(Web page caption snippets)
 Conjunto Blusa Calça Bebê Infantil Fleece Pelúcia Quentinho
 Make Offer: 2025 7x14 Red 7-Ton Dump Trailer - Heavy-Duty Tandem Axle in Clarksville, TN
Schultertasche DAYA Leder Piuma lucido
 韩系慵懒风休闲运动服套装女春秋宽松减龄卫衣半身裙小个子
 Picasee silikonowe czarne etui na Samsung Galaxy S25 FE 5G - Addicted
--
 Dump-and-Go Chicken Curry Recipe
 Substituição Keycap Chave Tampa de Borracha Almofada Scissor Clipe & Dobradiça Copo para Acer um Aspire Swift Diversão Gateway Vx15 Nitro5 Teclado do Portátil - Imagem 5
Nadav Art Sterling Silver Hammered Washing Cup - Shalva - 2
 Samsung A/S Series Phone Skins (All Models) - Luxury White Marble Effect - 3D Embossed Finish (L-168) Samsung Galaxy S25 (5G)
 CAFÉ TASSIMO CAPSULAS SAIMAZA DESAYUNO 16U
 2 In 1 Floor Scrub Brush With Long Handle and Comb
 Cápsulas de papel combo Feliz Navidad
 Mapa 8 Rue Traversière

TASK ITEM — Starting with the line that holds "CAFÉ TASSIMO CAPSULAS SAIMAZA DESAYUNO 16U" and ending with the line that holds "Mapa 8 Rue Traversière", retype every line in the data above exactly, and nothing else.

RESULT —
 CAFÉ TASSIMO CAPSULAS SAIMAZA DESAYUNO 16U
 2 In 1 Floor Scrub Brush With Long Handle and Comb
 Cápsulas de papel combo Feliz Navidad
 Mapa 8 Rue Traversière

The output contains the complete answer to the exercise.